MIRI LRS Slit Spectroscopy: Spectral Extraction using the JWST Pipeline#
July 2023
Use case: Spectral extraction of slit spectra with the JWST calibration pipeline.
Data: Publicly available science data
Tools: jwst, matplotlib, astropy.
Cross-intrument: NIRSpec, MIRI.
Documentation: This notebook is part of a STScI’s larger post-pipeline Data Analysis Tools Ecosystem and can be downloaded directly from the JDAT Notebook Github directory.

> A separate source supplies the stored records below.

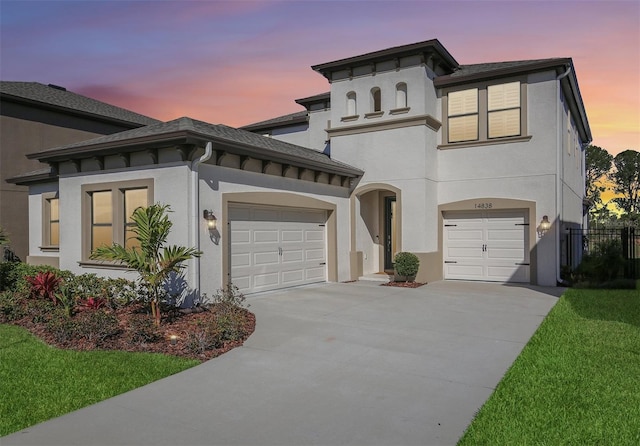 view of front facade featuring concrete driveway, fence, and stucco siding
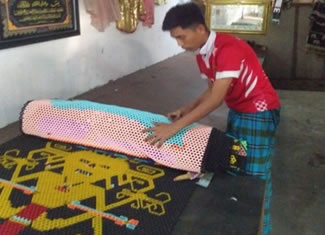 Mr. Ab Majid Ab Rahman from PMC Pahang, Cherating, Pahang, has made an 17.8-m long (and 1 m width) beaded art, tied each other by strings with variety of colours and motives, which sets the new world record for the Longest beaded Art, according to the World Record Academy.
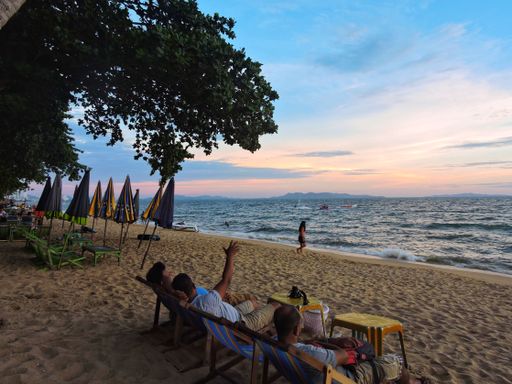 Tourists relaxing and enjoying the beautiful sunset in Jomtien Beach, Pattaya.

Introduction: Spectral extraction in the JWST calibration pipeline#
The JWST calibration pipeline performs spectrac extraction for all spectroscopic data using basic default assumptions that are tuned to produce accurately calibrated spectra for the majority of science cases. This default method is a simple fixed-width boxcar extraction, where the spectrum is summed over a number of pixels along the cross-dispersion axis, over the valid wavelength range. An aperture correction is applied at each pixel along the spectrum to account for flux lost from the finite-width aperture.
The extract_1d
step uses the following inputs for its algorithm:
the spectral extraction reference file: this is a json-formatted file, available as a reference file from the JWST CRDS system
the bounding box: the
assign_wcs
step attaches a bounding box definition to the data, which defines the region over which a valid calibration is available. We will demonstrate below how to visualize this region.
However the extract_1d
step has the capability to perform more complex spectral extractions, requiring some manual editing of parameters and re-running of the pipeline step.
Aims#
This notebook will demonstrate how to re-run the spectral extraction step with different settings to illustrate the capabilities of the JWST calibration pipeline.
Assumptions#
We will demonstrate the spectral extraction methods on resampled, calibrated spectral images. The basic demo and two examples run on Level 3 data, in which the nod exposures have been combined into a single spectral image. Two examples will use the Level 2b data - one of the nodded exposures.
Test data#
The data used in this notebook is an observation of the Type Ia supernova SN2021aefx, observed by Jha et al in PID 2072 (Obs 1). These data were taken with zero exclusive access period, and published in Kwok et al 2023. You can retrieve the data from this Box folder, and we recommend you place the files in the data/
folder of this repository, or change the directory settings in the notebook prior to running.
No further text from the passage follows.